▶ _Exercise brief_
For the material that follows, return exactly the lines from the one with "The Angel Liberating St. Peter from Prison" through the one with "Made in China", both ends included.

====== Material shown ======

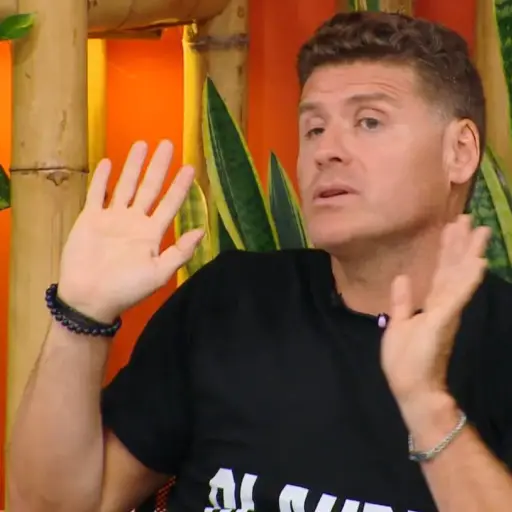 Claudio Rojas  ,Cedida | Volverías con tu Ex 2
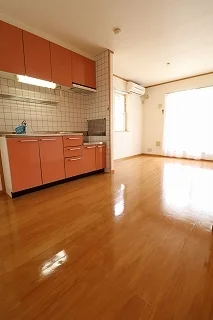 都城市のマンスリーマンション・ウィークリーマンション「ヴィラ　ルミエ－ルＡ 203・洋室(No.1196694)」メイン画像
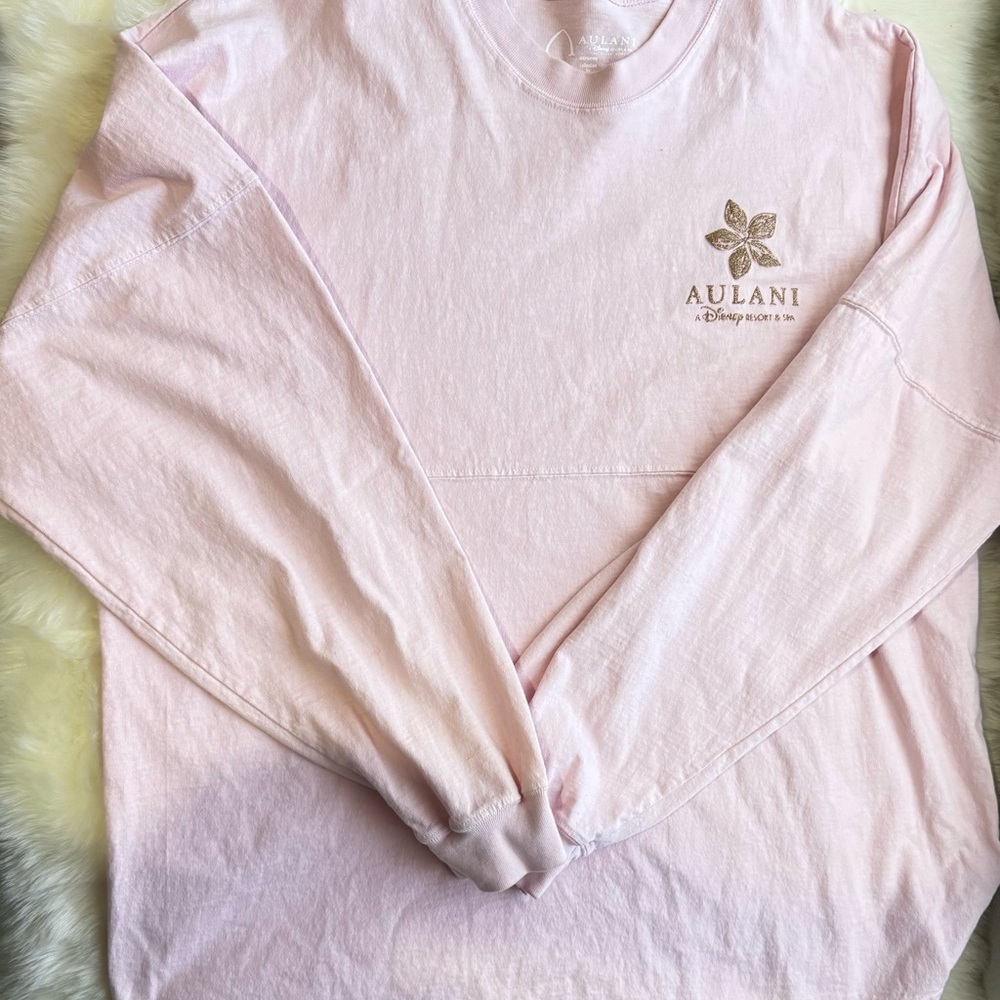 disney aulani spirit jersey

======
====== Material shown ======

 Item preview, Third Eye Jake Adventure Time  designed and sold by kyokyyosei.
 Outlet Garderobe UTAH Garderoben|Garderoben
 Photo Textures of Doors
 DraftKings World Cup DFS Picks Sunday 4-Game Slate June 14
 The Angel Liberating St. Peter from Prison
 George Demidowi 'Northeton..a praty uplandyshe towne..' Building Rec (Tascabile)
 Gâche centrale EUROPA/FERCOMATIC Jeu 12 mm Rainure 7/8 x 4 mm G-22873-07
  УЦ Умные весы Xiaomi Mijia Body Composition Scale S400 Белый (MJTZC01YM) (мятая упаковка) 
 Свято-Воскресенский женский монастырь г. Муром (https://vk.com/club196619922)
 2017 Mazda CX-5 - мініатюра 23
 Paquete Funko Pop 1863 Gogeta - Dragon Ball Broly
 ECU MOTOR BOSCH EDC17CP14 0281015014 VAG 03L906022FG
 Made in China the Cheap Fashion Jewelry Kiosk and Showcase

======

▶ _Worked solution_
 The Angel Liberating St. Peter from Prison
 George Demidowi 'Northeton..a praty uplandyshe towne..' Building Rec (Tascabile)
 Gâche centrale EUROPA/FERCOMATIC Jeu 12 mm Rainure 7/8 x 4 mm G-22873-07
  УЦ Умные весы Xiaomi Mijia Body Composition Scale S400 Белый (MJTZC01YM) (мятая упаковка) 
 Свято-Воскресенский женский монастырь г. Муром (https://vk.com/club196619922)
 2017 Mazda CX-5 - мініатюра 23
 Paquete Funko Pop 1863 Gogeta - Dragon Ball Broly
 ECU MOTOR BOSCH EDC17CP14 0281015014 VAG 03L906022FG
 Made in China the Cheap Fashion Jewelry Kiosk and Showcase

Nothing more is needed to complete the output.